» Action item
From the line with "Casa Indipendente in" to the end of the data below, restate each line word for word, both ends included, without the pictures.

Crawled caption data
* * * * * * *
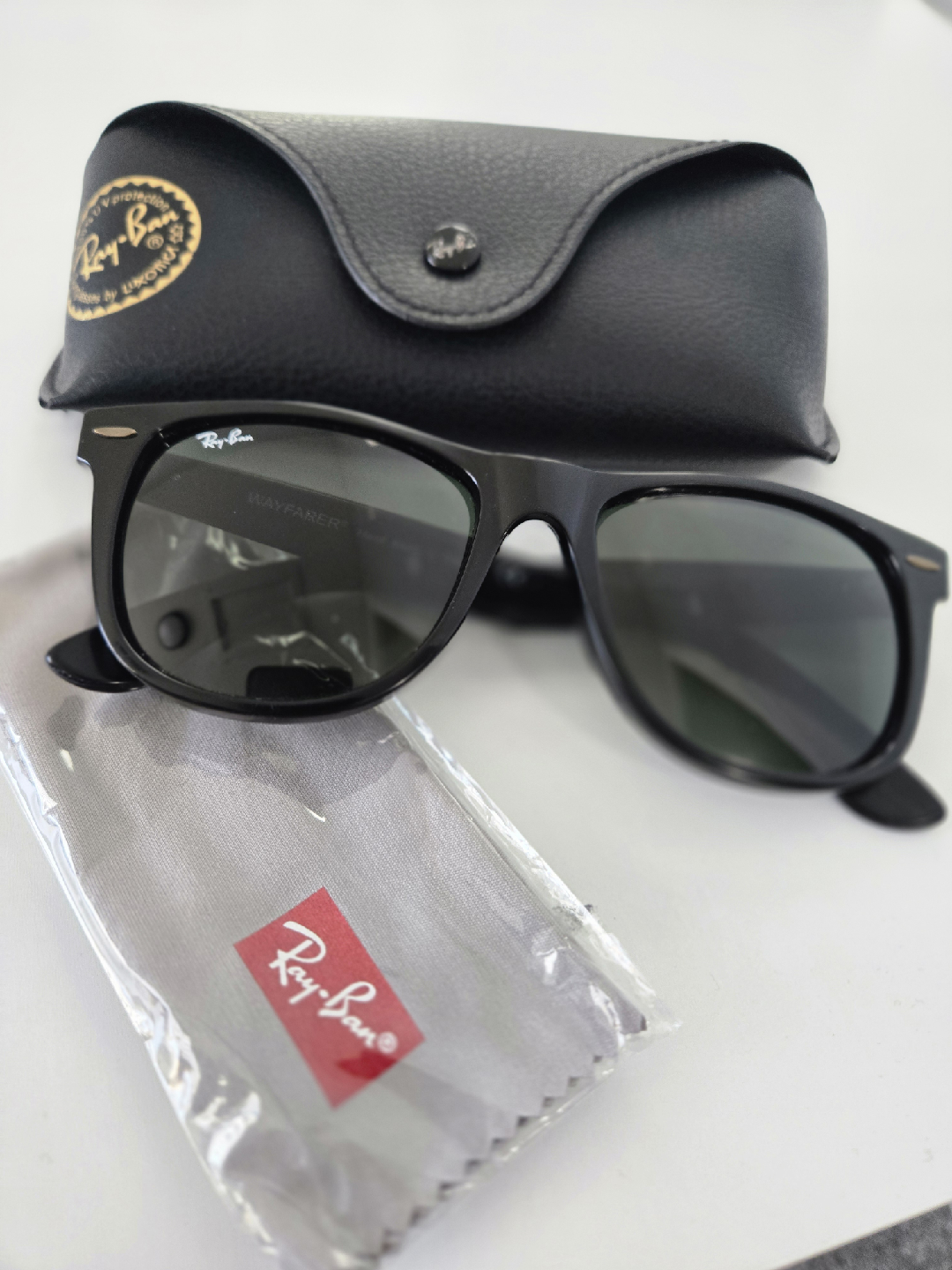 Ray-Ban Wayfarer Sunglasses with Case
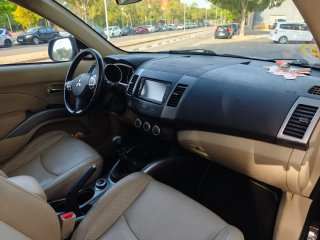 Mitsubishi Outlander 2008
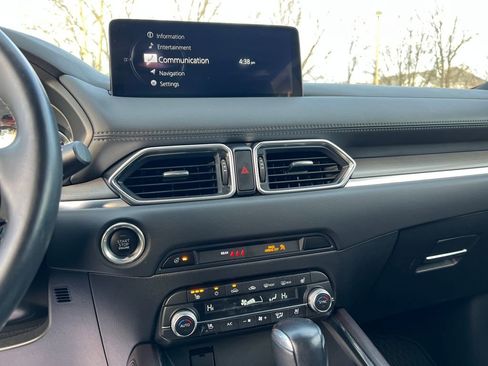 Used 2022 MAZDA CX-5 Signature image 25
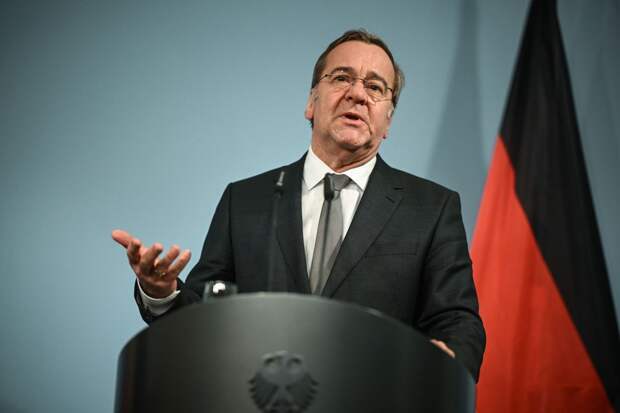 Писториус решил убедить Европу наращивать вооружения цитатой про задницу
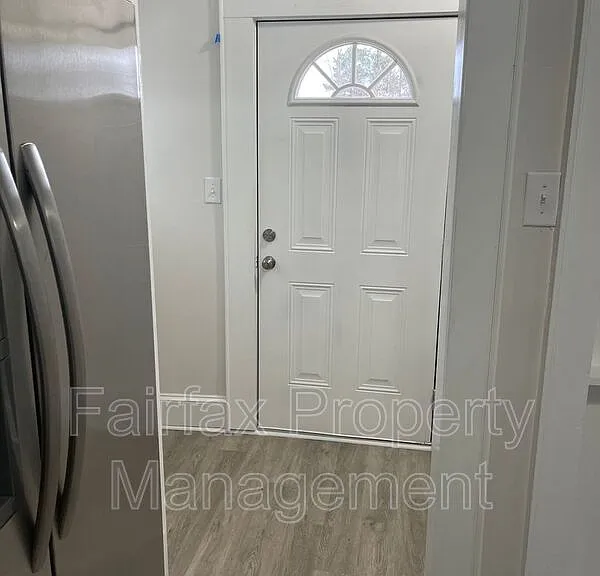 1212 N Miami Blvd — Photo 16
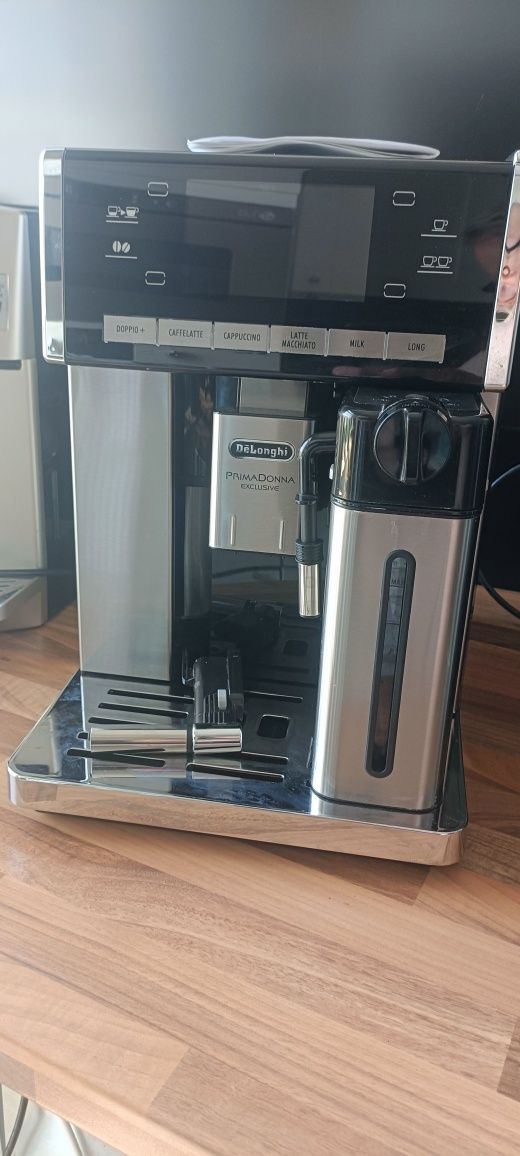 Ekspres do kawy DeLonghi primadonna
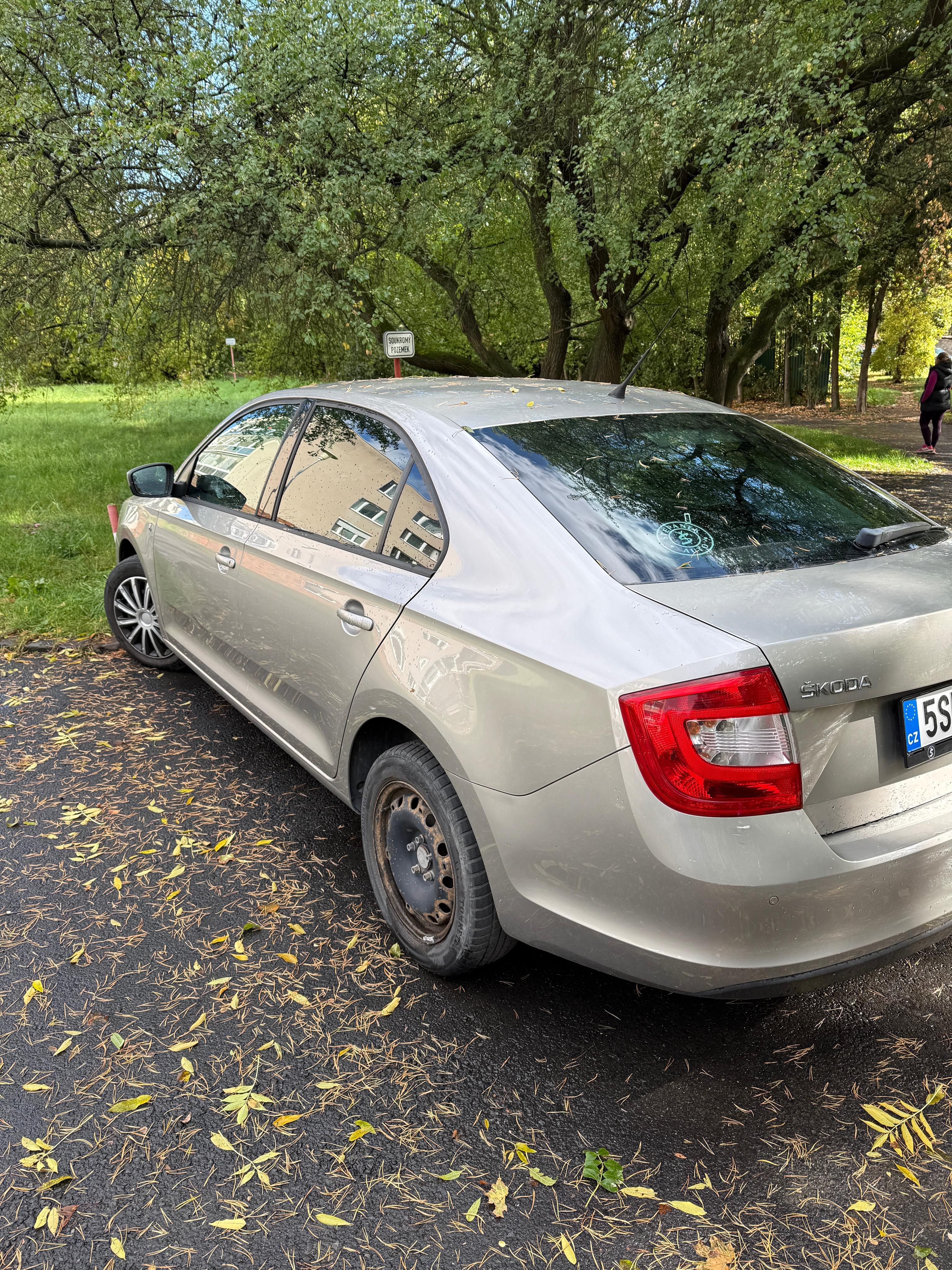 Škoda Rapid, Škoda Rapid 1.2tsi - fotka 6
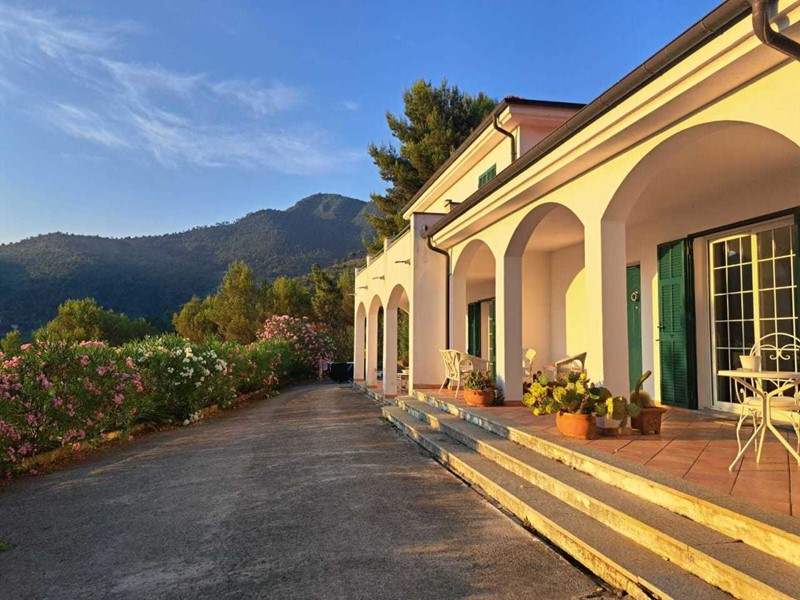 Casa Indipendente in Vendita a Seborga, 699'000€, 914 m²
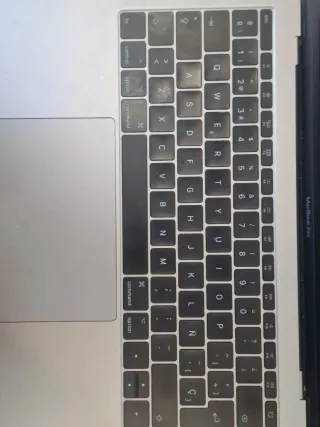 MacBook Pro 13 2017 i5 8GB 256GB SSD + Scatola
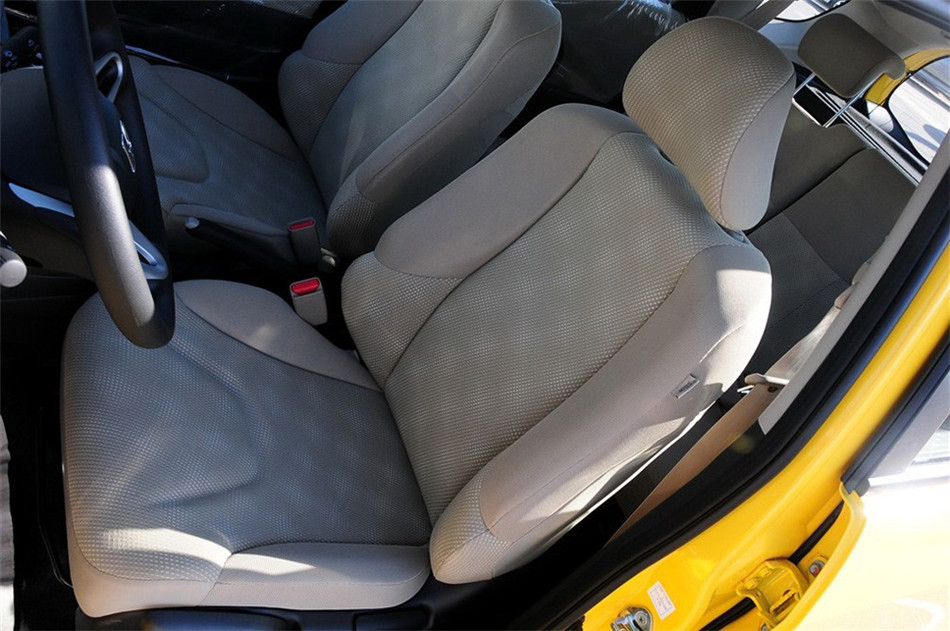 2011款本田飞度1.5L自动豪华版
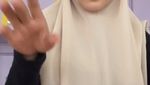 April Jasmine dan Ustad Solmed Kompak Makan Pecel Lele Kaki Lima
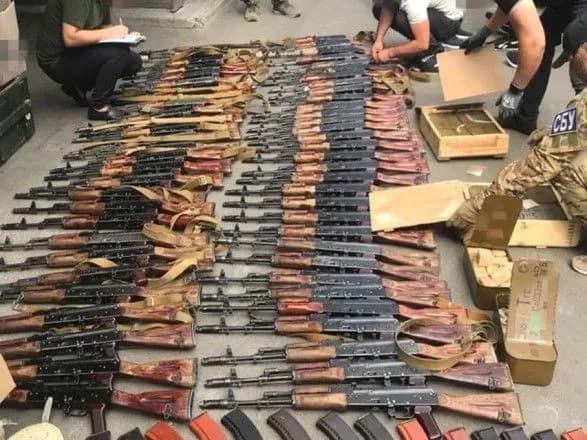 ponad-60-avtomativ-kalashnikova-u-dobrobata-kiyeva-viluchili-arsenal-zbroyi-ta-boyepripasiv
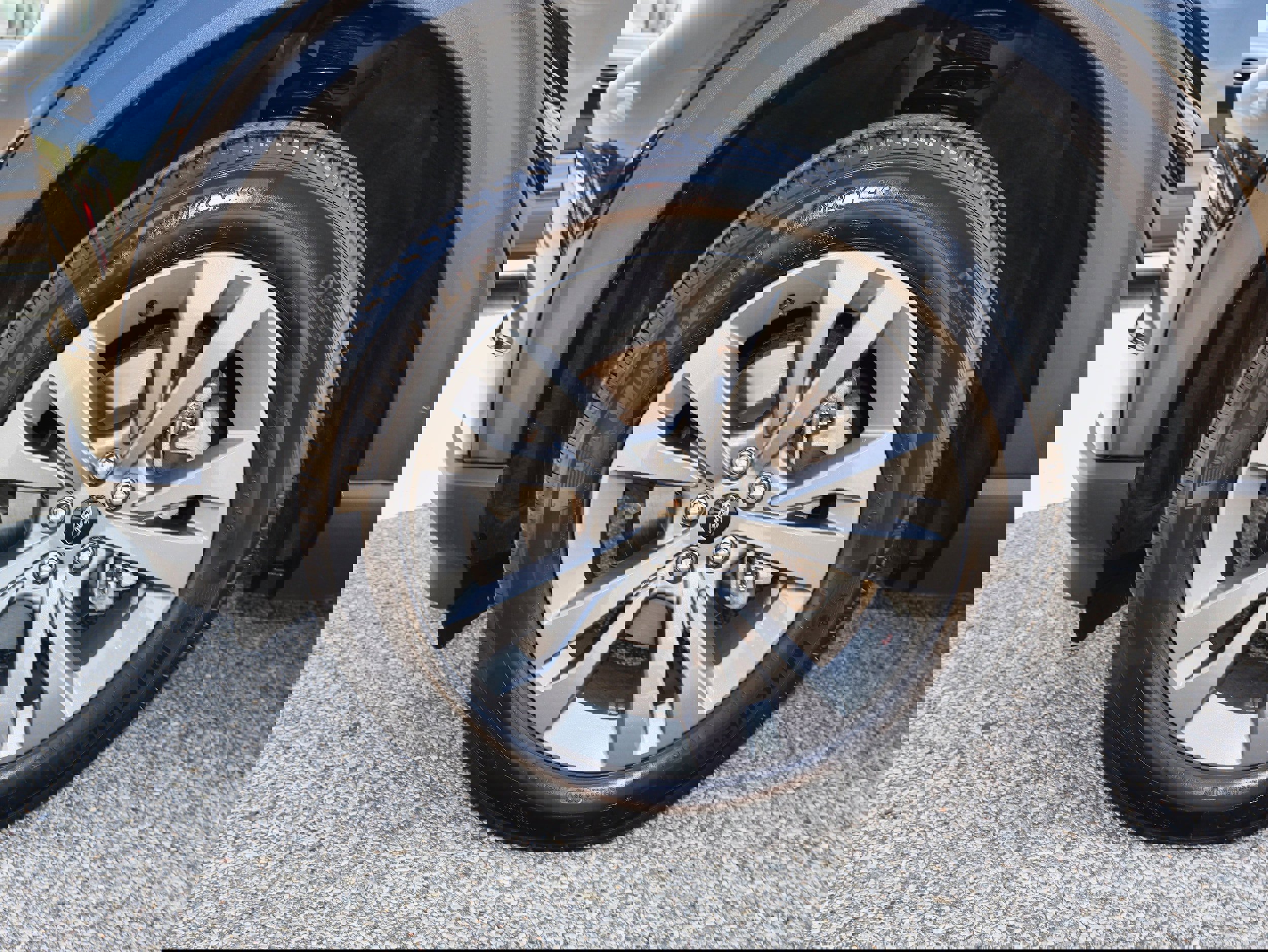 Used 2023 Ford Explorer XLT w/ Equipment Group 202A image 32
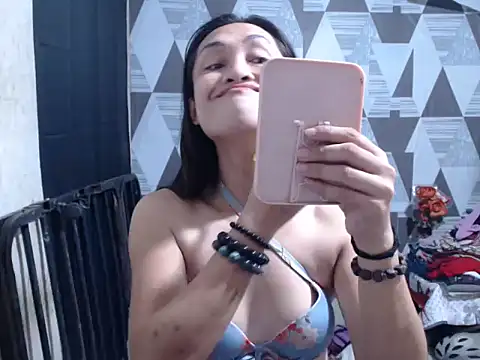 Wiynwyn Delamerced1989 online show from May 8, 9:40 pm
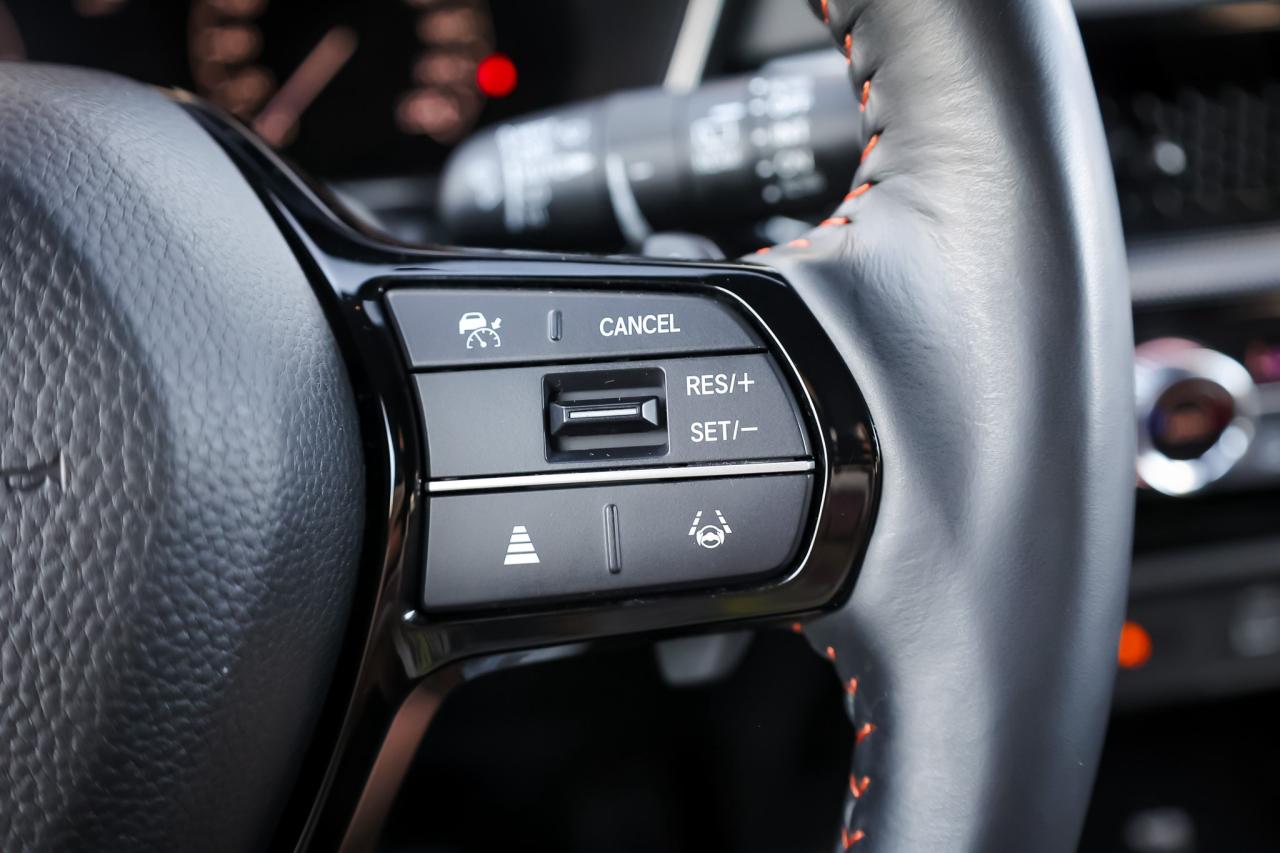 2023 Honda CR-V Hybrid Touring 4dr All-Wheel Drive Photo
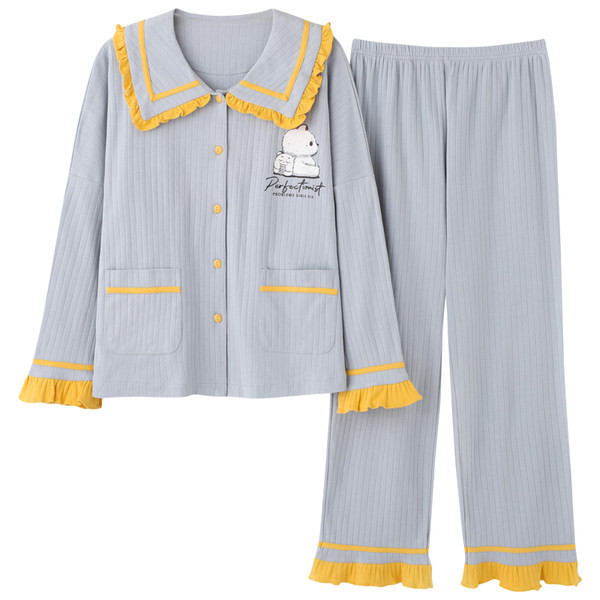 Jesenska pidžama od samtastog žerseja na kovrče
* * * * * * *
» Output below
 Casa Indipendente in Vendita a Seborga, 699'000€, 914 m²
 MacBook Pro 13 2017 i5 8GB 256GB SSD + Scatola
 2011款本田飞度1.5L自动豪华版
 April Jasmine dan Ustad Solmed Kompak Makan Pecel Lele Kaki Lima
 ponad-60-avtomativ-kalashnikova-u-dobrobata-kiyeva-viluchili-arsenal-zbroyi-ta-boyepripasiv
 Used 2023 Ford Explorer XLT w/ Equipment Group 202A image 32
 Wiynwyn Delamerced1989 online show from May 8, 9:40 pm
 2023 Honda CR-V Hybrid Touring 4dr All-Wheel Drive Photo
 Jesenska pidžama od samtastog žerseja na kovrče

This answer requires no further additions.